Skiing into the Ocean
The snow in Iceland went right down into the ocean and the coastline was covered with beautiful black beaches. One day we decided it would be fun to ski into the ocean, which was less funny weeks later when I realized I had almost ruined my bindings from salt corrosion.
This Machine is a Muthafugga
After retreating from our dismal camping, we stayed in small cottages at the edge of town which were run by a total character whose favorite American term was “muthafugger.” We did our best to encourage this, and soon everything, and every sentence involved muthfugga. One day, knowing that we all really liked the local cod, he asked if we were hungry and wanted some. When we eagerly agreed, without getting up from the couch, he yelled “HEY MOM! MAKE US SOME COD!” to which he got a very sleepy, annoyed response and we got some guilt ridden fish.
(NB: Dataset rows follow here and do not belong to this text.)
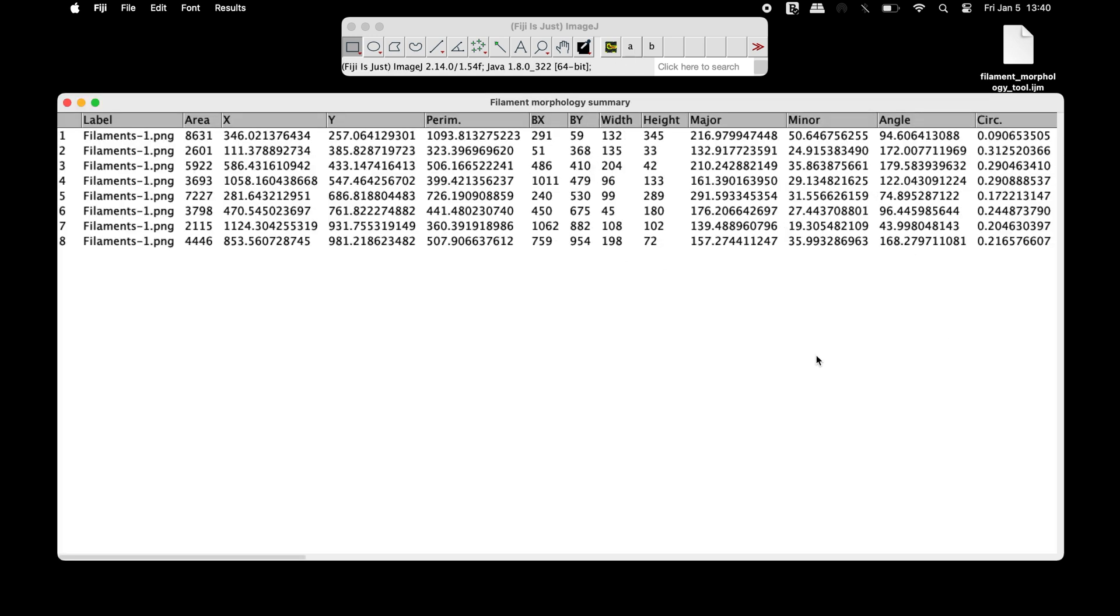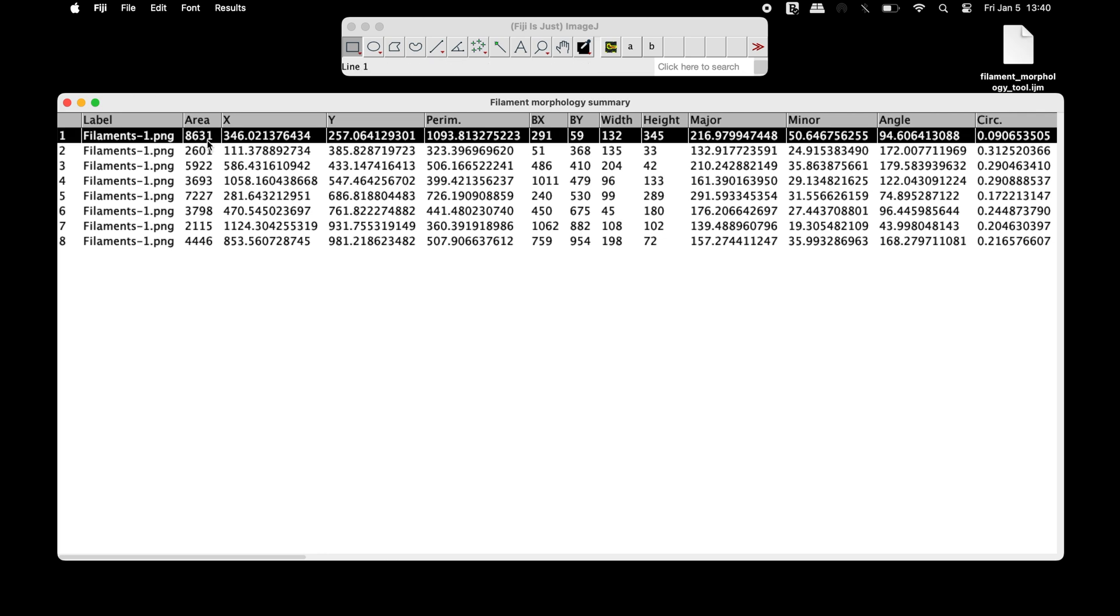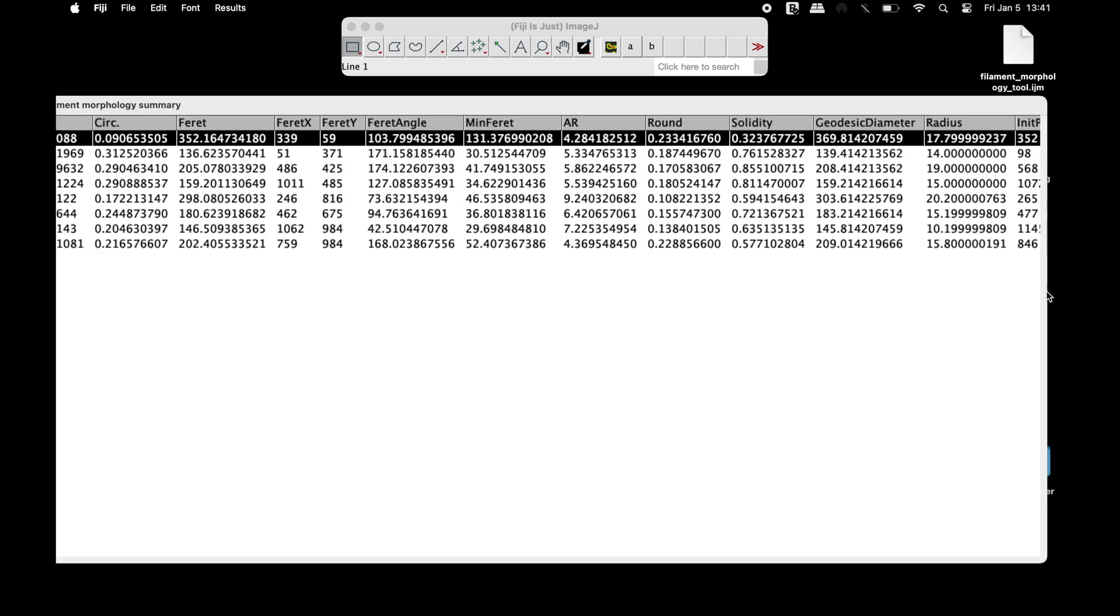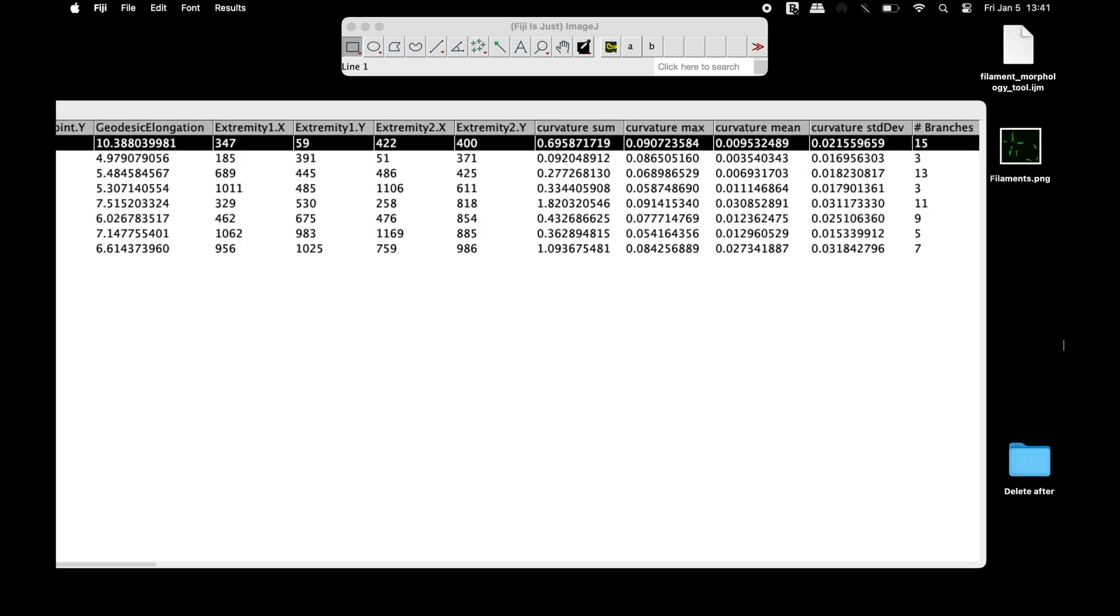In the FilamentMorphologySummary window, information can be obtained for the filament area, X and Y points, perimeter, width, height, angle, circularity, curvature, number of branches, and other information.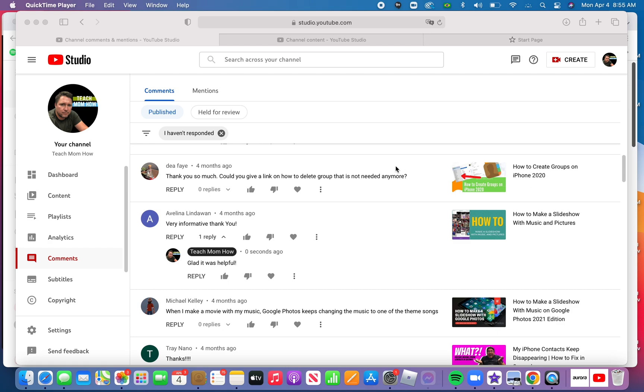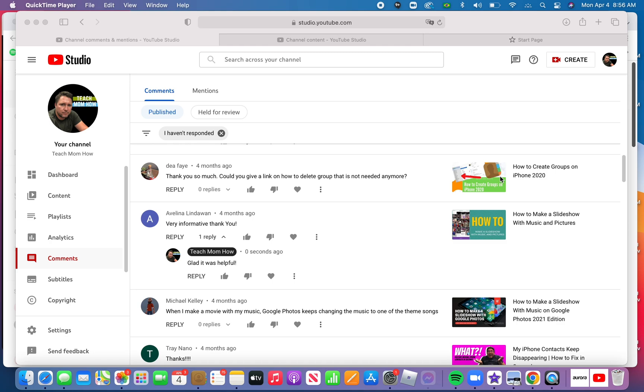She asked, could you give a link on how to delete the group that is not needed anymore? I'm going to answer that question today. If you want to see the original video on how to create groups on iPhone, it's the same today in 2022, and you can see the link in the description for the original video.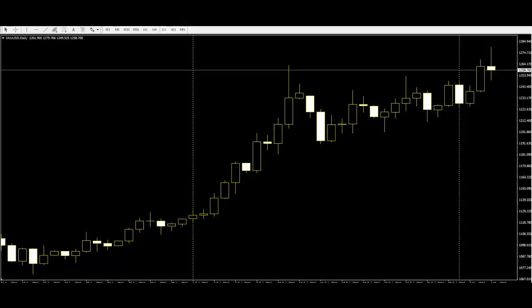All about candlestick hammer pattern. Candlestick patterns are being widely used by traders to make a call for their trading.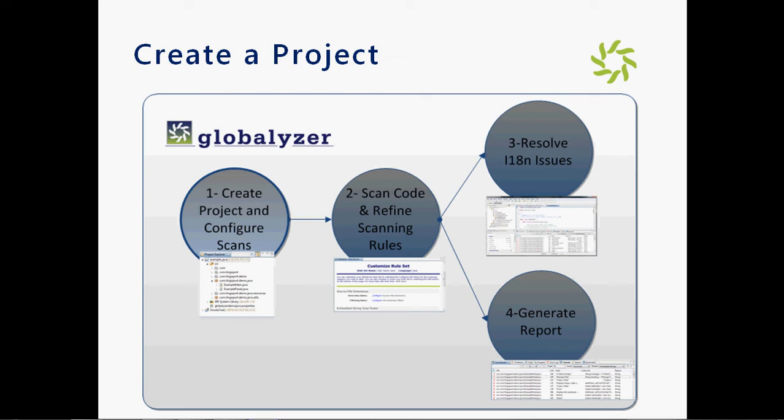In this section, I will focus on creating a project and configuring scans. There are many ways to create a project using a source control such as CVS or SVN. I will use files which are already on my local disk.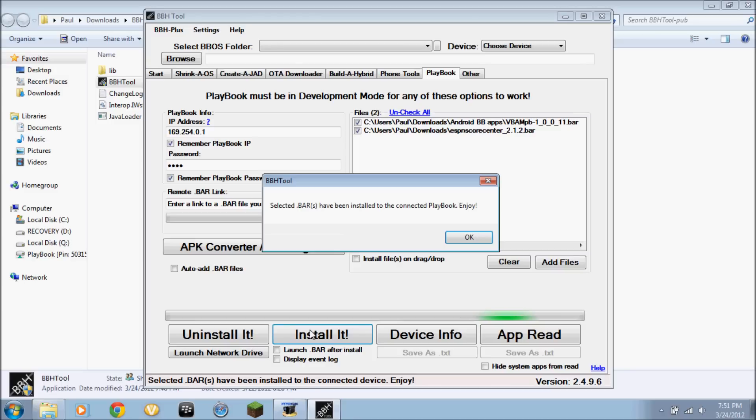And there you go. The selected bar have been installed to the connected playbook. Enjoy. And that's it.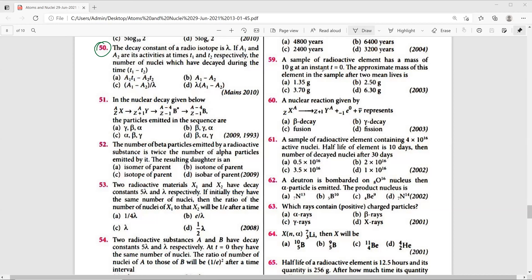Question 50: The decay constant of a radioisotope is lambda. If A1 and A2 are its activities at times T1 and T2 respectively, we need to find the number of nuclei which have decayed during the time interval T1 to T2. Four options are given and we have to choose the right answer.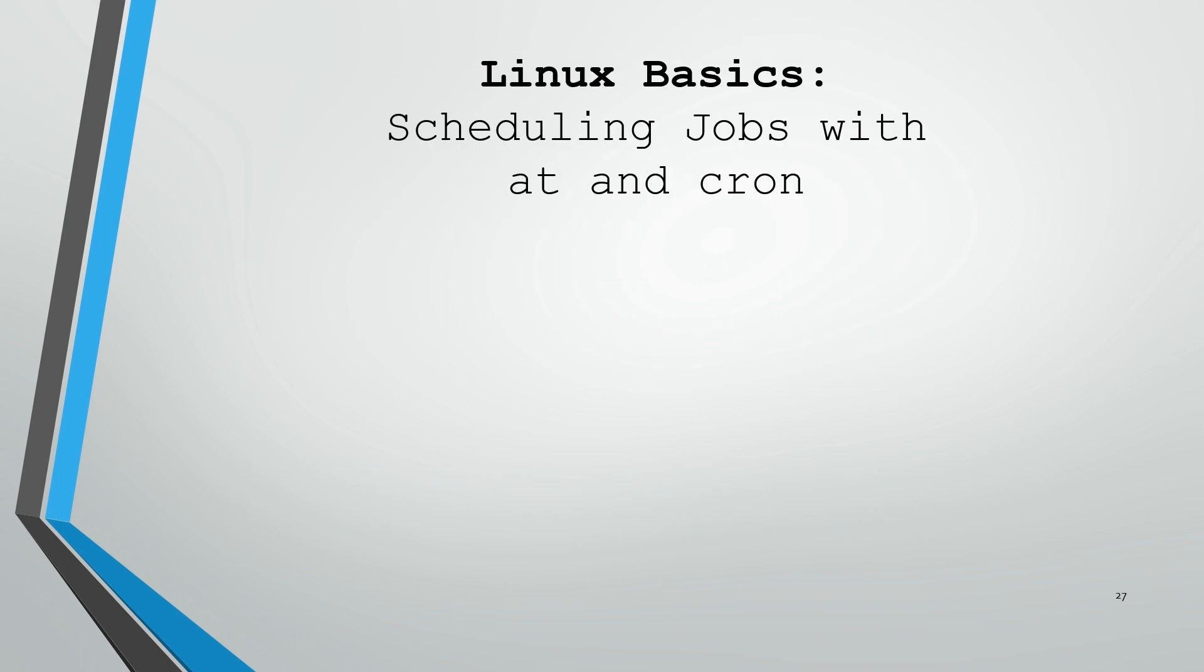This has been a quick look at some Linux basics around scheduling jobs using the at command and with the cron service. I hope you were able to learn something today. My name is Brandon Comouche. Happy configuring.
The avalanche that was featured in Steep was a complete surprise, and had I been a forecaster, I would have called the danger “low” with high confidence. After the fact, it was apparent that the arete we were climbing was actually a vertical wind lip more akin to a cornice, which had formed on an ice and wind burnished rib. It was perfect one-hit booting on the way up and when the whole thing pulled out it took me a few seconds to even comprehend what had happened. Contrary to appearances, the film crew, which was on the peak above us, had nothing to do with the slide and it only looked close as John Armstrong had a very long lens and the camera was set up on a tripod. But, from a cinematic standpoint, it couldn’t have been planned any better as it started out with a slow sweeping panorama, then just as the figures appear, the entire slope pulled out. As an added bonus, it was one of the few times when our wireless microphones, aka Lavs, were actually working, so it picked up all of our comments and the rumble of the snow. Seeing it in a theater with surround sound is as close as you can get to being in a slide while watching a movie.